Wednesday, April 10, 2024

Final Fantasy VII Rebirth: Losing the Plot in a Recurring Dream

Spoilers, obviously.

I once had a dream that recurred onto itself. This was not a recurring dream, I've never had this dream a second time. This was a dream that told a story, finished the story, but since I was still asleep, my mind needed programming to fill the time, and it decided to play it over again. The dream's story was simple: a boy and a girl were in a SciFi hover bike race around a swamp. They were rivals who fell in love during the journey. But during a late race turn, the girl was killed trying to impress the boy by overtaking him, going too fast, and crashing into the swamp. The boy lives and wins, but is heartbroken. It is a basic idea but effective - by winning the race, the boy had lost what was most important to him.

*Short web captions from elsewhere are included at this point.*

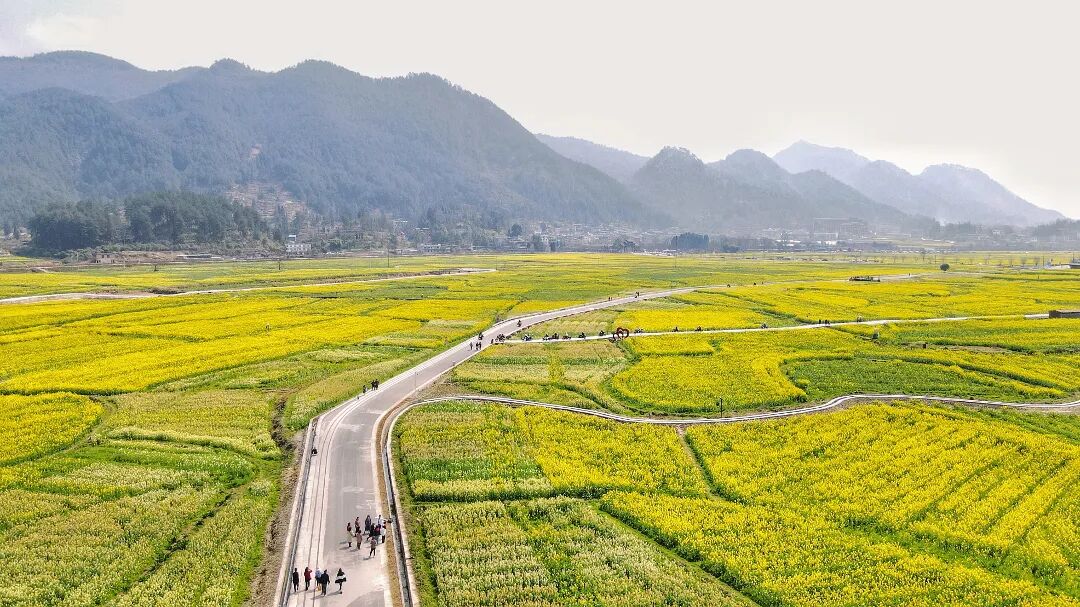 取景地推介丨从秘境苗寨到现代都市,跟着《小芳》打卡贵州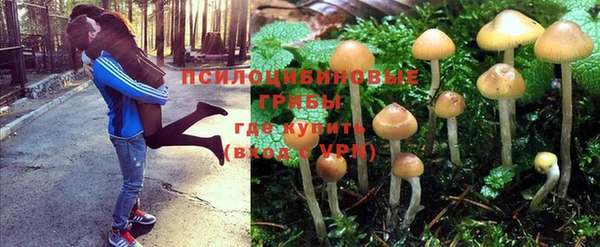 герыч Майский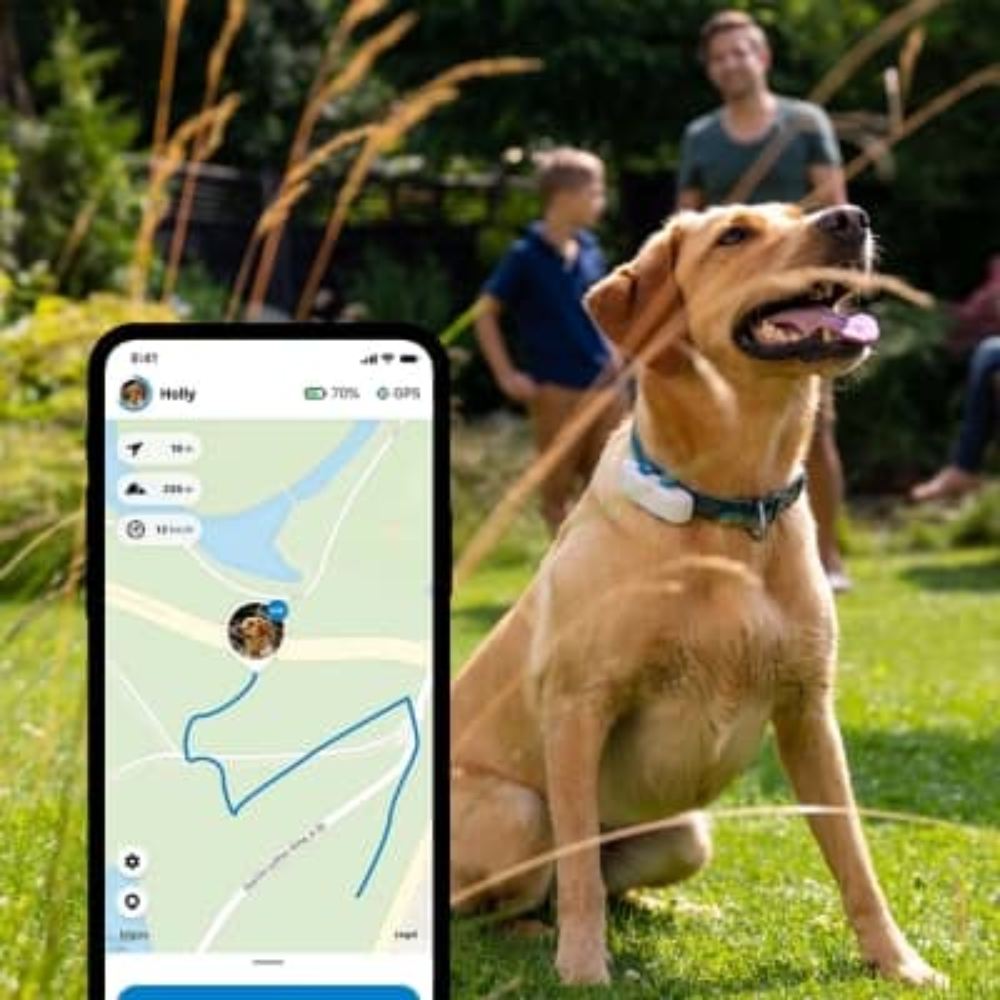 GPS Dog Tracker: image 10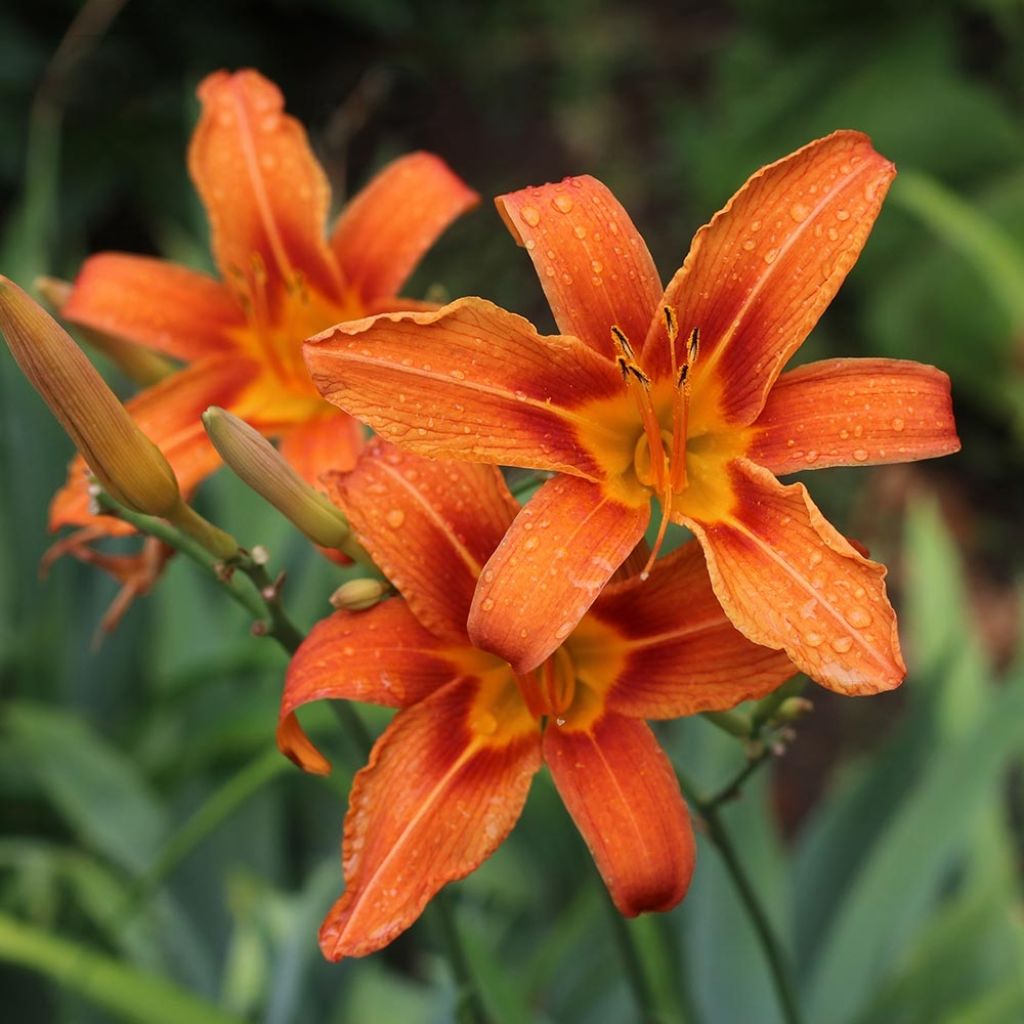 Hemerocallis fulva - Taglilie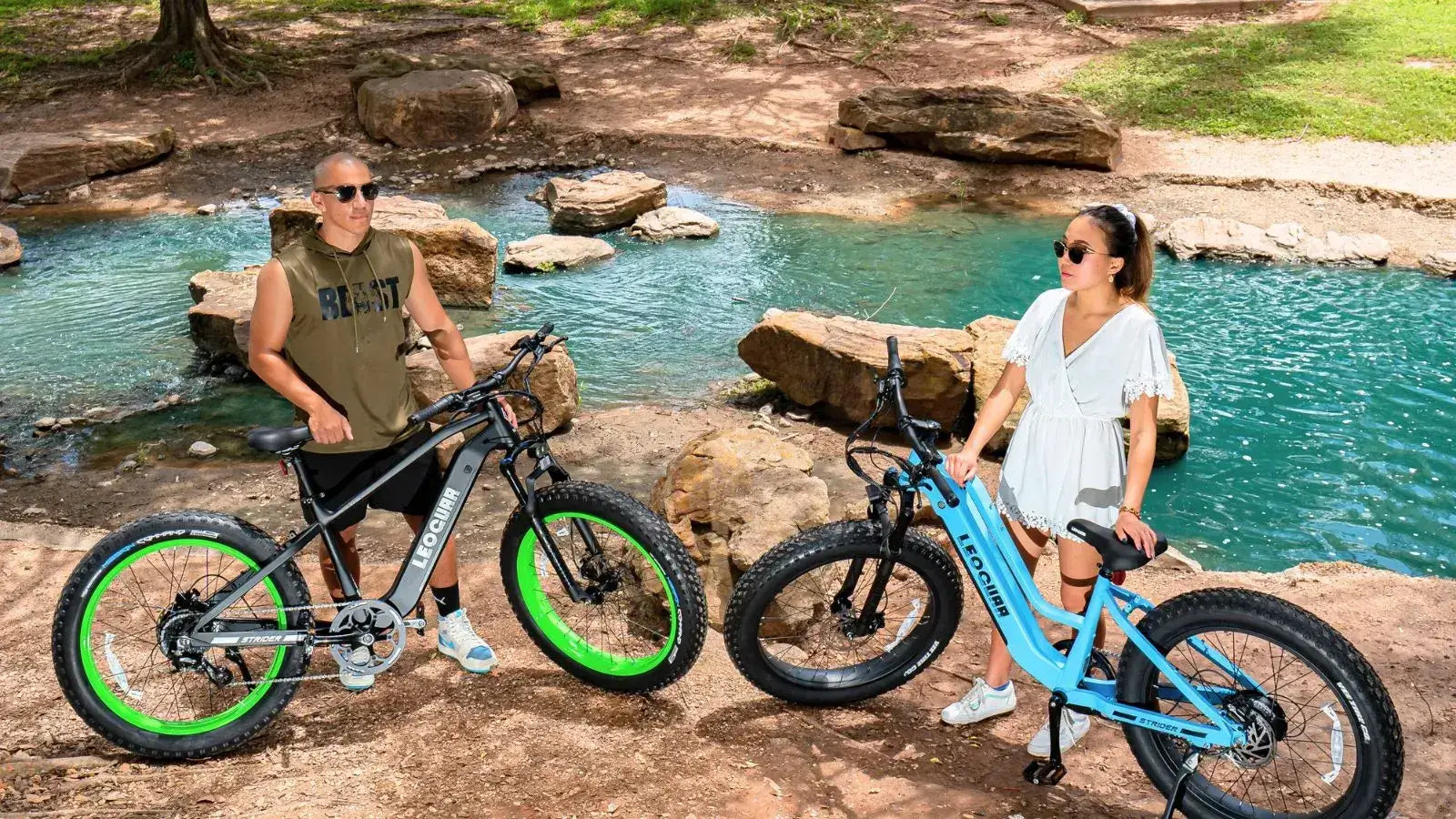 Leoguar Ebikes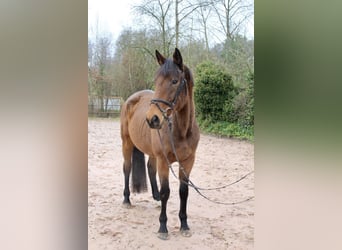 Other Breeds, Mare, 5 years, 16,1 hh, Brown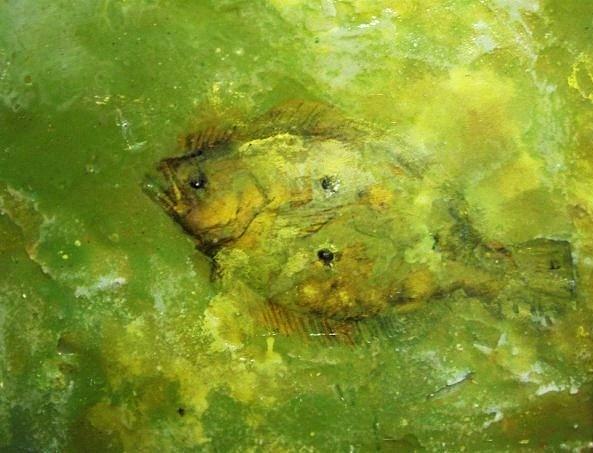 593x453 Flounder Painting By Robert Cunningham - Flounder Painting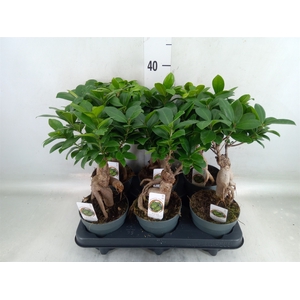 Ficus microcarpa 'Ginseng'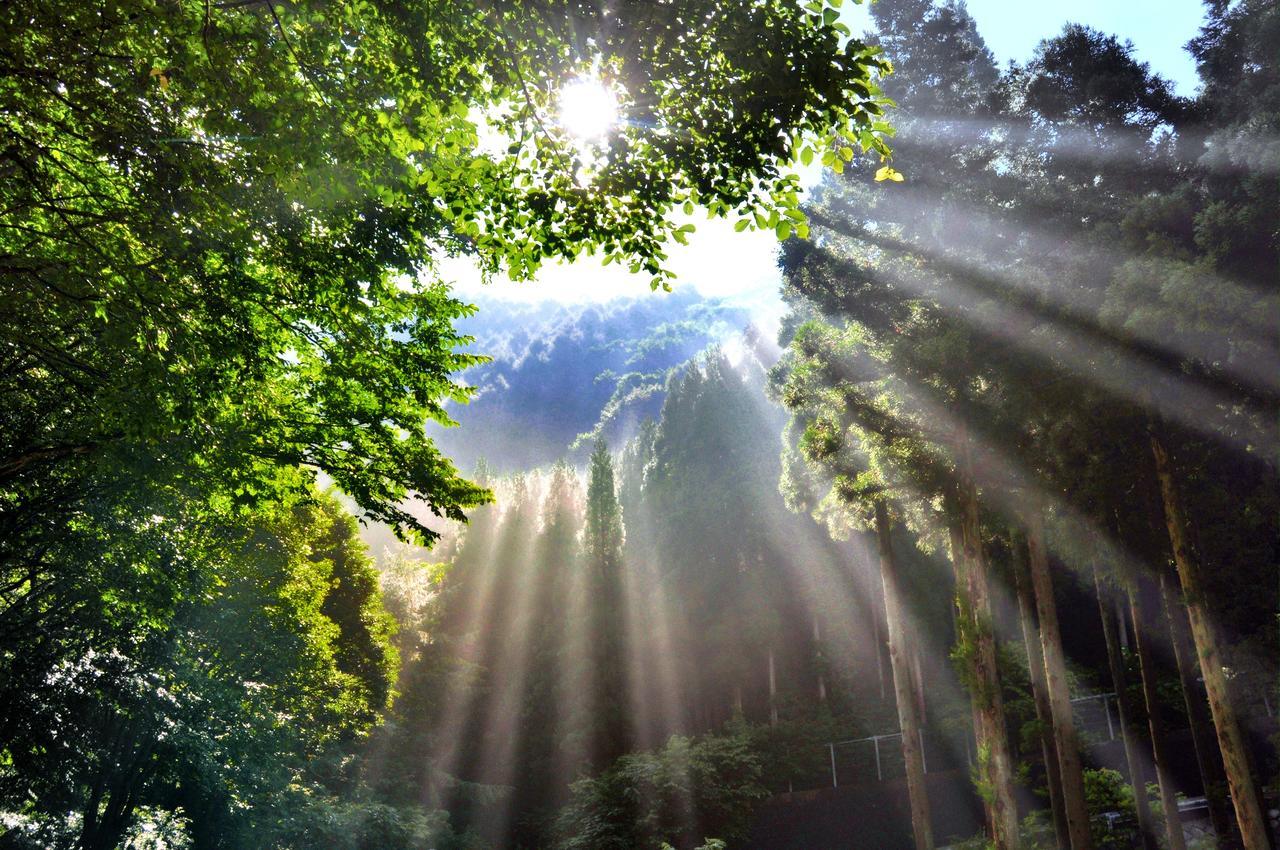 传统日式旅馆 Fujiiso (adults Only) 高山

Then my mind started the story up again. The boy and girl were alive at the starting line of the SciFi hover bike race. However, I knew how the story went this time. And because these characters were not real, merely extensions of myself, they knew it too. And that meant everything was different. Nobody could change the plot, yet the tone had shifted radically. What once was a fun romance, was now this sad march forward towards the inevitable ending. This was not a dream you forget easily. My subconscious was doing some very cool metafictional stuff.

I'm not nearly as creative when awake. If I could write while asleep, I would have some real banger pieces. So I've never really been able to come up with a good use of this idea. Unfortunately, I do not think Square Enix has managed to be successful with their own recurring dream either in Final Fantasy VII Rebirth.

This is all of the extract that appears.